Origin of clapping
© Mark Matcho

Why do we applaud a great performance? Why not stand on our heads or click our heels instead? Who started this hand-clapping stuff?

Hear, hear! Huzzah! Bravo! Excellent question. Superb, really. And ultimately unanswerable. As Elwyn Simons, head of Duke University's Division of Fossil Primates, tells AF, "We don't know how far back it goes, not without a time machine. Cavemen and human ancestors - we don't know whether they clapped hands or not. But you don't find primates doing it unless they've been taught to do it. They do clap hands in the wild. It's not to applaud something; it's because they're frightened or want to call attention to food."

Yvette Blanchard, a pediatric physical therapist and researcher at the University of Hartford, says that human clappers are made, not born. "I think it's a learned behavior. What I've seen babies do spontaneously, from excitement, is clasp their hands together. But the motion of clapping, I think that's a learned behavior."
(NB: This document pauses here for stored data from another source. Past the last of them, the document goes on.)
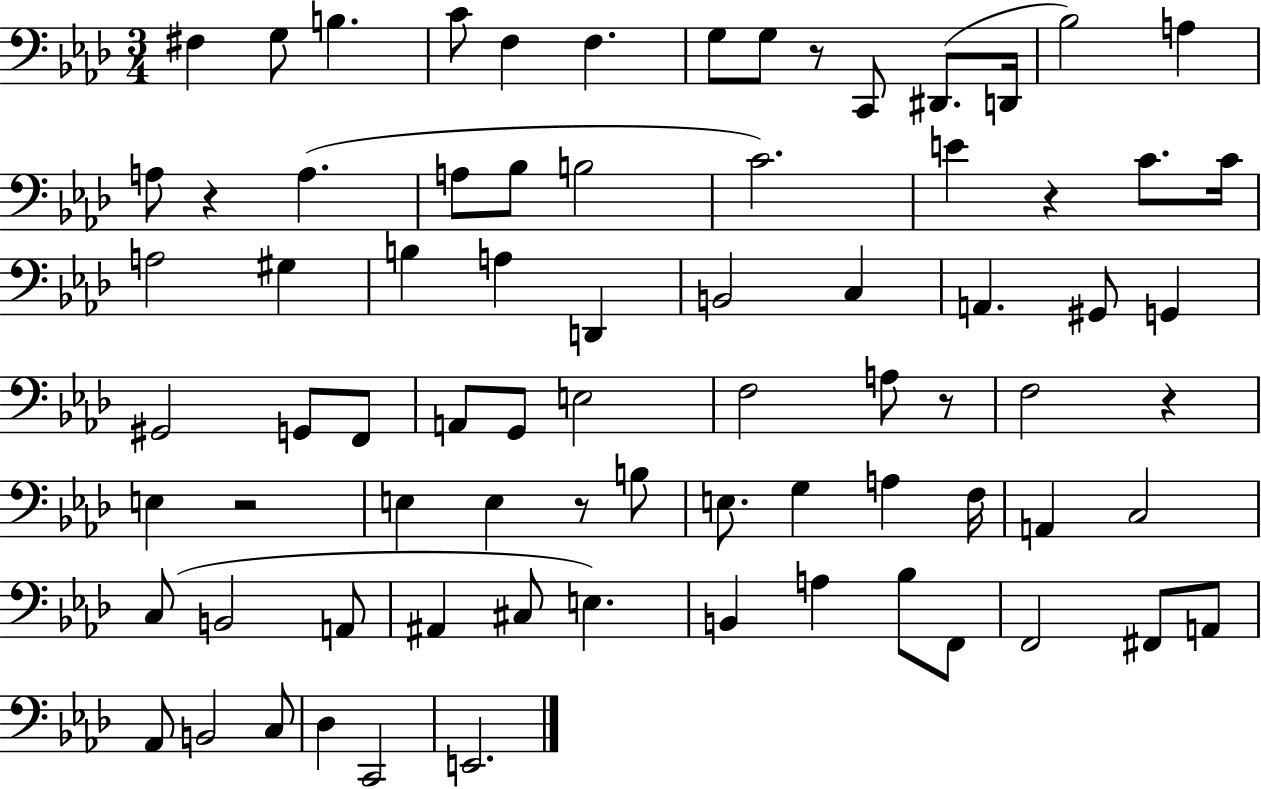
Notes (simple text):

F#3/q G3/e B3/q. C4/e F3/q F3/q. G3/e G3/e R/e C2/e D#2/e. D2/s Bb3/h A3/q A3/e R/q A3/q. A3/e Bb3/e B3/h C4/h. E4/q R/q C4/e. C4/s A3/h G#3/q B3/q A3/q D2/q B2/h C3/q A2/q. G#2/e G2/q G#2/h G2/e F2/e A2/e G2/e E3/h F3/h A3/e R/e F3/h R/q E3/q R/h E3/q E3/q R/e B3/e E3/e. G3/q A3/q F3/s A2/q C3/h C3/e B2/h A2/e A#2/q C#3/e E3/q. B2/q A3/q Bb3/e F2/e F2/h F#2/e A2/e Ab2/e B2/h C3/e Db3/q C2/h E2/h. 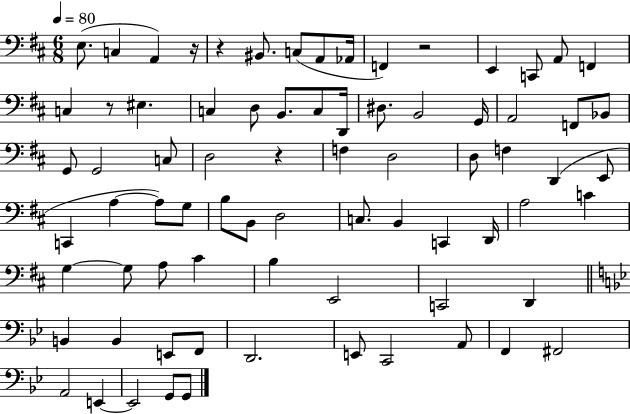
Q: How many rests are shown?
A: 5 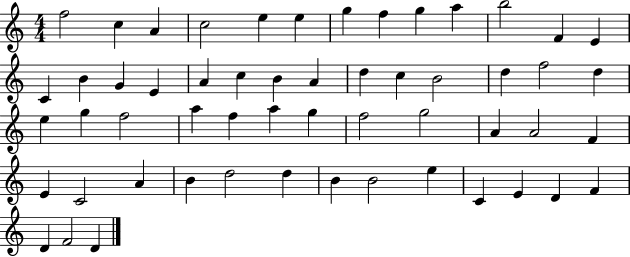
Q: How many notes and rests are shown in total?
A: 55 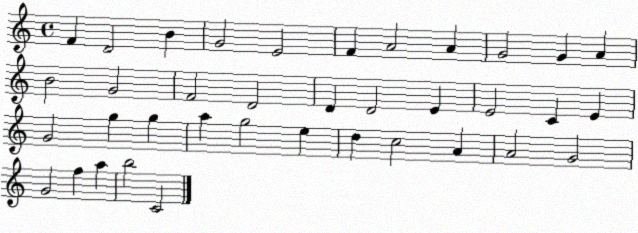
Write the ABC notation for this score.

X:1
T:Untitled
M:4/4
L:1/4
K:C
F D2 B G2 E2 F A2 A G2 G A B2 G2 F2 D2 D D2 E E2 C E G2 g g a g2 e d c2 A A2 G2 G2 f a b2 C2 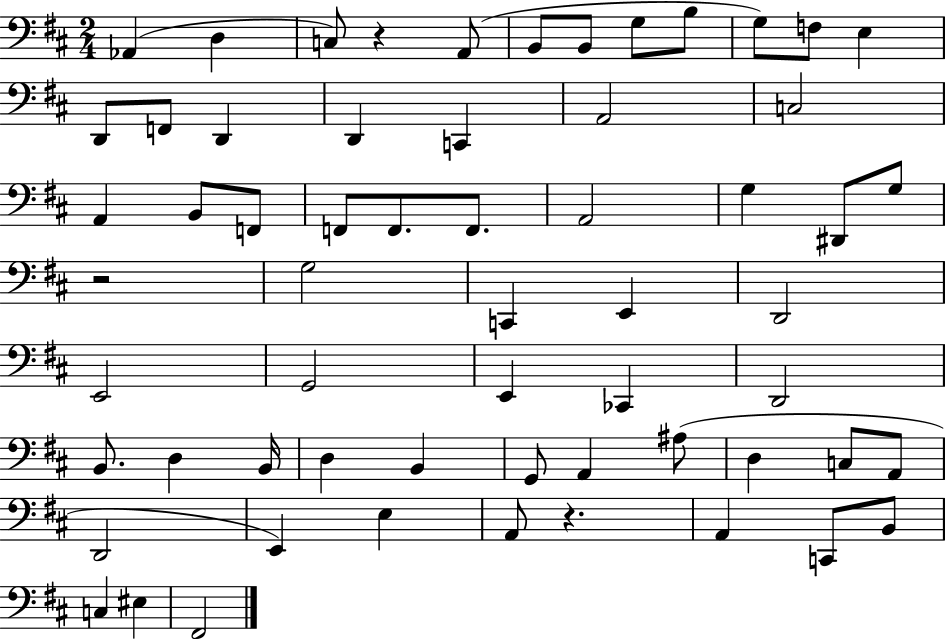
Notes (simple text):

Ab2/q D3/q C3/e R/q A2/e B2/e B2/e G3/e B3/e G3/e F3/e E3/q D2/e F2/e D2/q D2/q C2/q A2/h C3/h A2/q B2/e F2/e F2/e F2/e. F2/e. A2/h G3/q D#2/e G3/e R/h G3/h C2/q E2/q D2/h E2/h G2/h E2/q CES2/q D2/h B2/e. D3/q B2/s D3/q B2/q G2/e A2/q A#3/e D3/q C3/e A2/e D2/h E2/q E3/q A2/e R/q. A2/q C2/e B2/e C3/q EIS3/q F#2/h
As to clapping's association with audience approval, Jay Fisher, a classics professor at Yale University, dates the custom to at least the third century B.C. "You see it at the end of a lot of plays by Plautus and Terence, where they have this word plaudite, which is an imperative [meaning] 'applause,' 'clap.'"

It's worth noting that the ancient Romans also demonstrated their approval of a public performance with finger-snapping, and that modern Canadian concertgoers signal delight by screeching at the organ-grinder's monkey.